Wednesday, July 22, 2009

Just In Time!

Have you ever heard the saying, "God is seldom early, never late, and always on time."? I can't tell you who the author of this is, but they knew what they were talking about. I have been struggling lately with Life and questioning God on why things in my life are and have been the way they have been. I was at the brink of just being numb. I was talking to my sister on the phone last week, and she told me that I need to ask God to show me He loves me daily. She said He loves to prove who He is to us. So, taking her advice, I did it and have been since our last conversation. It has been a whirlwind of Him being so mighty in my life! I can't even express to you how in awe of Him I am right now. Before asking Him to do this, things just seemed so bleak. I was down and wondered if He really did have my best interest at heart. I thought maybe He had just given up an washed His hands of me and my "junk"! I have to tell you that I am thrilled to say that I was so wrong! God has moved every day since that day and I am telling you, it has been so cool to just sit back and watch Him have control of my life. We all tend to want to have control. We want to fix things that are broken, and change things we have no control over in the first place.

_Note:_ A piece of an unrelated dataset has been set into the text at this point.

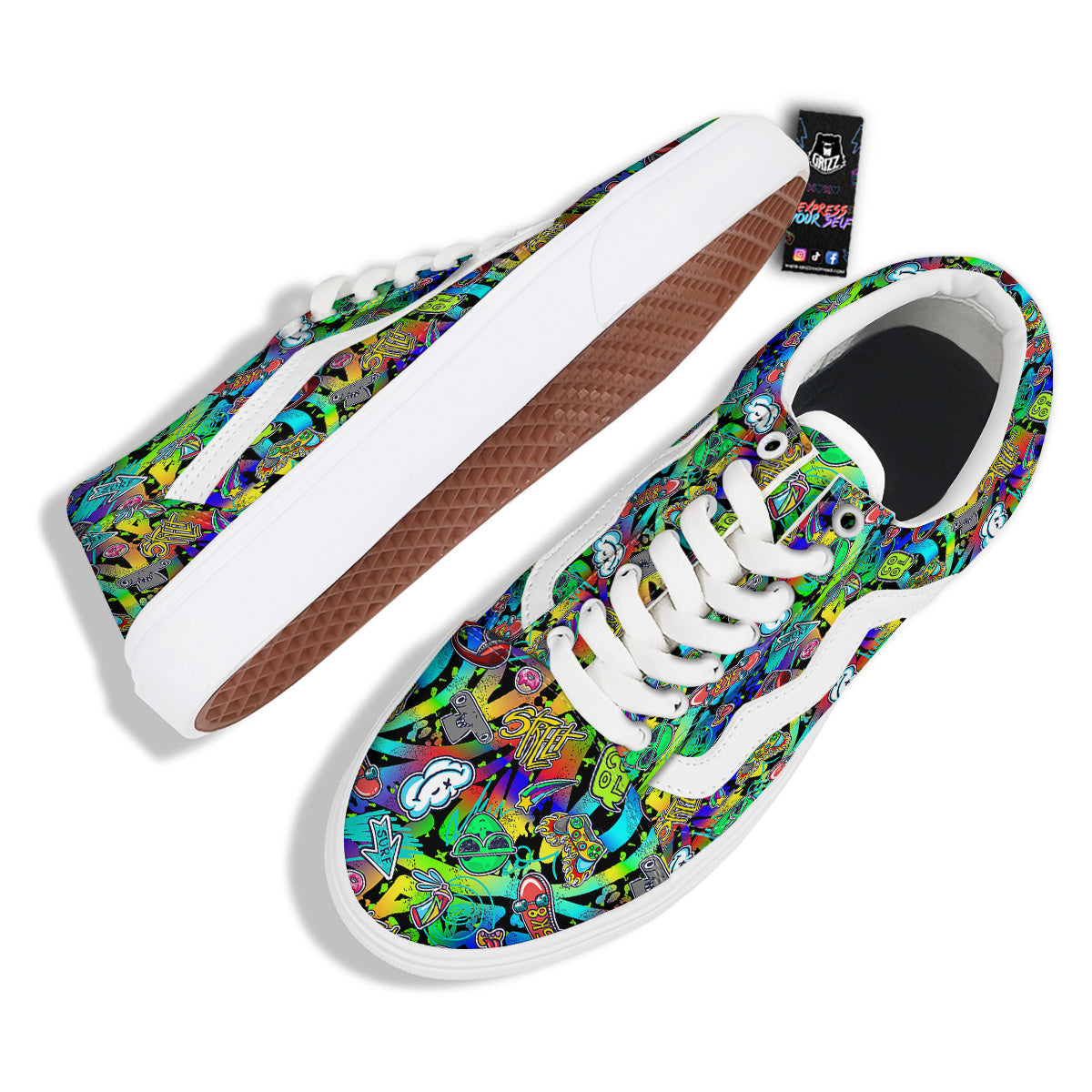 Abstract Alien Graffiti Text Print Pattern Skate Shoes-grizzshop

It has been a great ride watching things unfold right in front of my eyes, knowing my Father, the one who does love me and promised Jeremiah 29:11, (my life verse!), to me, use people and situations that I would never have even fathomed to prove Himself to me! I love it! It is like watching miracles on a daily basis. Sure, it's not the burning bush or anything, but I tell you what.........it is good stuff!!!!! I want everyone out there who may come across this blog to know that God loves you so much. He will move to whatever lengths necessary to prove that to you. Your past doesn't matter to God. He sees the you he created and wants to give you a hope and future. He has plans for good and not disaster in your life. Do you want to know what the key is to that? Are you ready? GIVE UP! Stop trying to change people, things, and situations that you have no control over.....including your life. You have no control over your destiny, but God does. He is the only one who can change you. Just ask Him to. He will. Trust me! I am living proof of that! I want to thanks people who have prayed for me! I still covet your prayers.

God Bless!
Julie

Wednesday, July 15, 2009

Catching Up.....

Well, it has been almost a month since I posted. Not much has really gone on. Work is work and I still feel like everything in life is just a hum drum kind of thing. (I don't even know if that makes sense or not) / : I don't want to sound like a downer, but I don't feel like I am in a summer season in my life. I feel like I am smack dab in the "black and white" or "gray" of winter, you know when the trees have no leaves and it's a cloudy overcast day, and you just feel like hibernating. This is not a fun place to be. I read my Bible in the mornings, because I feel like it gives me a boost. I know I am not the only one who has been where I am at. It seems like this is dragging on for way too long, but I don't know how to snap out of it. Anyway, I celebrated my birthday last week with the family. It was a rainy, dreary day on my birthday, so instead of spending the day outdoors, we went to lunch. It was nice. I have been trying to get ready for Vacation Bible School which is coming up next week. I am on my own with the music this year. The person that I usually do it with will be at camp next week with some of the church kids. I have to prepare a little more than usual since it is all up to me. I love VBS! It is so awesome to watch the kids sing and praise God inhibited. I know that will lift my spirits. I get emotional when I see the kids lifting their hands and praising God so sweetly!
I am in the process of checking out other employment options. I need to work full time. The 20 hours a week just doesn't cut it anymore. I feel like I was all over the place with this blog. I guess it kind of matches the way I feel with life right now. I am glad God is in control, I just wish He would give me more insight. It's hard to have faith like a child when I want to know more than what He is showing me! I know we all go through these seasons in our lives, I just feel like this one has gone on for way too long! I just have to keep on praying I guess. Well, take care and God bless!